The Stable Entropy Hypothesis and Entropy-Aware Decoding: An Analysis and Algorithm for Robust Natural Language Generation
This addresses the problem of robust natural language generation for applications like text completion and dialog, offering a method to improve output quality, though it is incremental as it builds on existing decoding techniques.
The paper tackles the problem of degenerate behavior in open-ended language generation by proposing that human-like text lies in a narrow entropy band, and violations correlate with issues like incoherence and repetition. It introduces an entropy-aware decoding algorithm that respects these bounds, resulting in less degenerate and more human-like generation.

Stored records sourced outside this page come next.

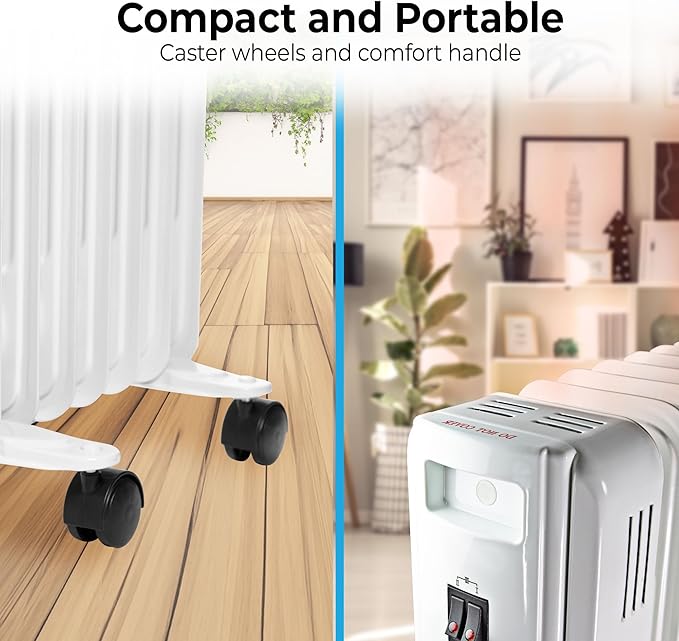 Comfort Zone Electric Oil-Filled Radiant Radiator Space Heater, Never Refill
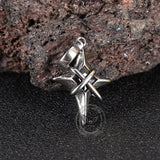 Hip Hop Gem Four-Pointed Star Stainless Steel Pendant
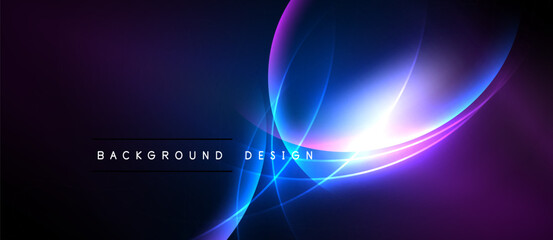 Abstract background features vibrant blue, purple glows. Dynamic curves create futuristic, energetic visual impact. Minimalist text present.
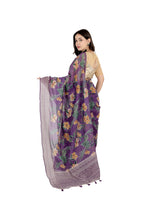 Purple Soft Cotton Saree with Floral Katha Work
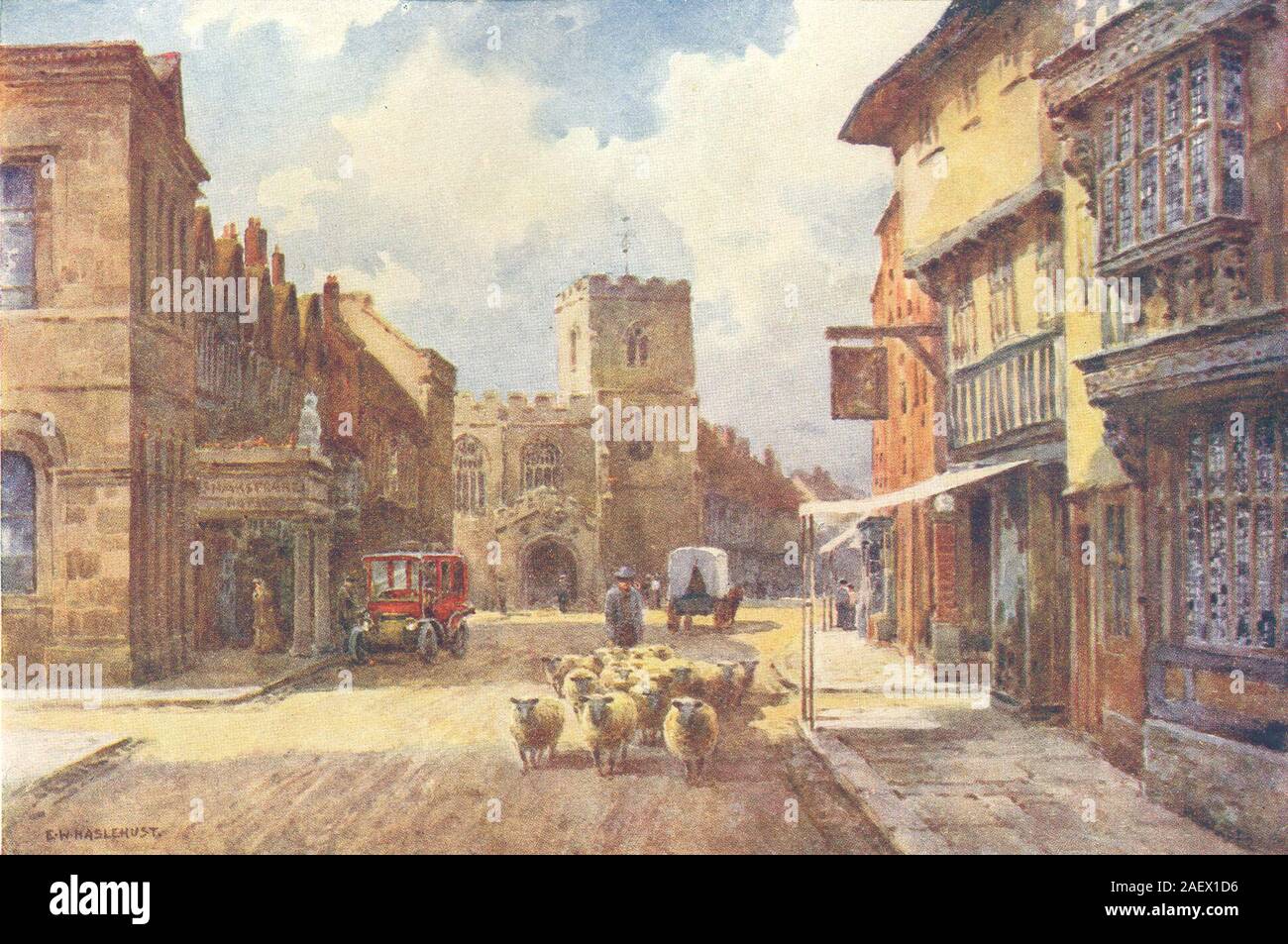 High Street, Stratford-su-Avon. Warwickshire. Da Ernest Haslehust 1920 stampare Foto Stock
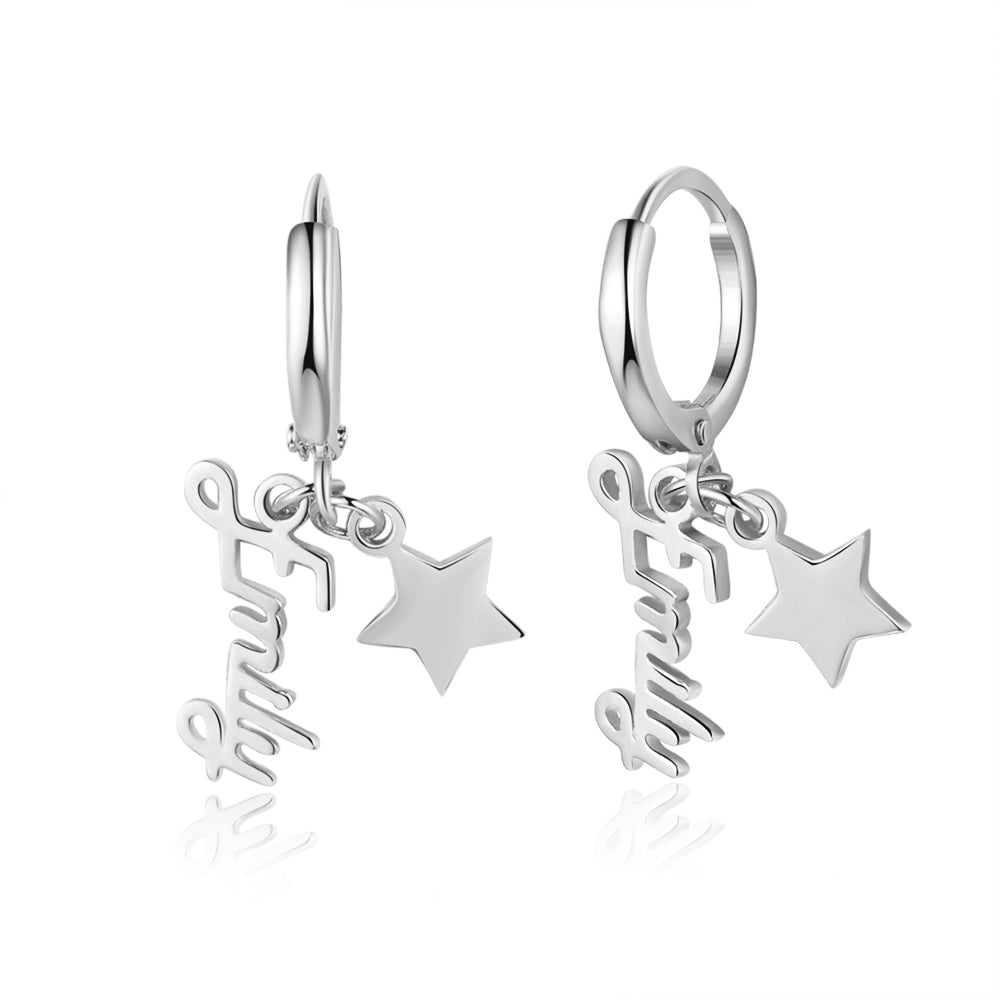 Custom Name Earring with Star - My Precious Moments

State-of-the-art language generation models can degenerate when applied to open-ended generation problems such as text completion, story generation, or dialog modeling. This degeneration usually shows up in the form of incoherence, lack of vocabulary diversity, and self-repetition or copying from the context. In this paper, we postulate that ``human-like'' generations usually lie in a narrow and nearly flat entropy band, and violation of these entropy bounds correlates with degenerate behavior. Our experiments show that this stable narrow entropy zone exists across models, tasks, and domains and confirm the hypothesis that violations of this zone correlate with degeneration. We then use this insight to propose an entropy-aware decoding algorithm that respects these entropy bounds resulting in less degenerate, more contextual, and "human-like" language generation in open-ended text generation settings.